Книга с множеством окон и дверей - Игорь Клех
Шрифт:
Интервал:
Закладка:
Каждый вечер они полагают, что солнцу кранты, каюк, пропало и все, — не будет больше. Они набиваются в хижину, — никто не спит, — томятся, плачут, потеют, во второй половине ночи, отчаявшись, обхватив плечи друг друга и опустив головы, слипаются в какой-то глиняный, неразличимый, многорукий и безглазый организм, что, сидя, раскачивается, в такт бубнит что-то, поскуливает, напевает, — и так до самого рассвета. Только тогда они позволяют себе немного отдохнуть. Есть что-то в этом трогательное. И равно безнадежное. Тысячи лет продолжается так каждую ночь. И вечность до того. И другую вечность — после.
* * *
Странно жить в той же почти стране, где жил Пушкин, разговаривать на том же (почти) языке, на котором разговаривал и писал он, и каждый вечер откуда-то абсолютно точно знать, — и даже быть уверенным, — что завтра утром взойдет солнце.
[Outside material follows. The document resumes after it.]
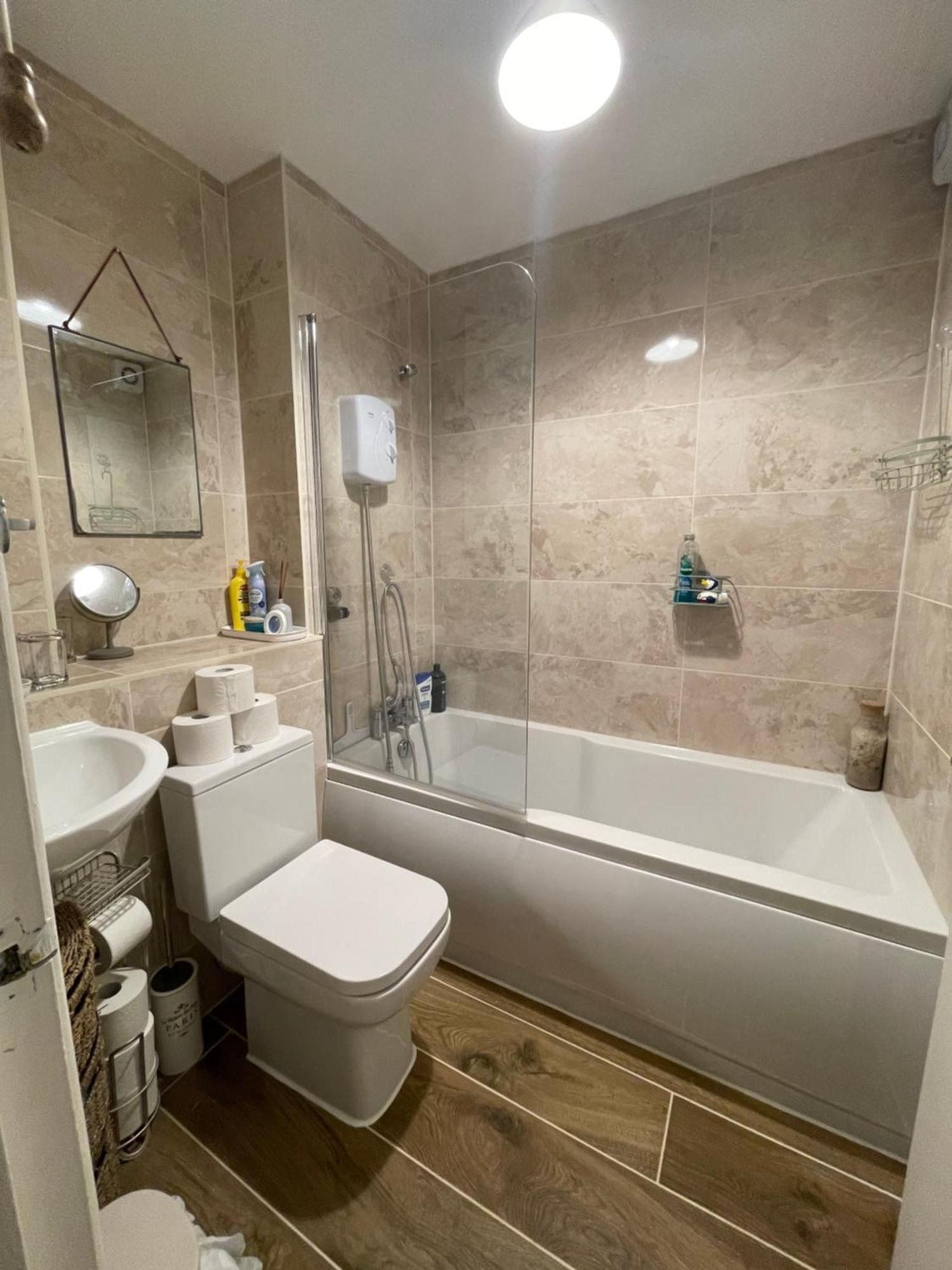 Apartment Grundy House Uxbridge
Странная вещь, непонятная вещь!..
Март 95, Кратово.
1880
Он «памятник себе воздвиг нерукотворный», мы же в дополнение к нему соорудили рукотворный памятник — МЕДНОГО ПУШКИНА, со стуком выпадающего в осадок всякого юбилея. И собственно история пушкинских празднеств в России начинает свой отсчет с совсем не «круглой» даты, и даже не вполне календарной — с установления в Москве первого памятника поэту в 1880 году.
Мысль о сооружении памятника Пушкину возникла двадцатью годами ранее у бывших царскосельских лицеистов в связи с предстоявшим полувековым юбилеем лицея. Дважды проводилась всероссийская подписка по сбору средств, образованный десятилетие спустя комитет по сооружению памятника провел открытый конкурс среди «ваятелей» и остановил, в конце концов, свой выбор на проекте скульптора Опекушина, как «соединившем в себе с простотой, непринужденностью и спокойствием позы тип наиболее подходящий к характеру наружности поэта». Из всех статуй была выбрана самая «задумчивая» и «человечная», что ли, — Пушкин стихотворения «Брожу ли я вдоль улиц шумных». Не потому ли, что бывшему крепостному крестьянину, скульптору Опекушину, удалось расслышать в звучании собственной фамилии в рассыпанном виде звучание фамилии любимого поэта?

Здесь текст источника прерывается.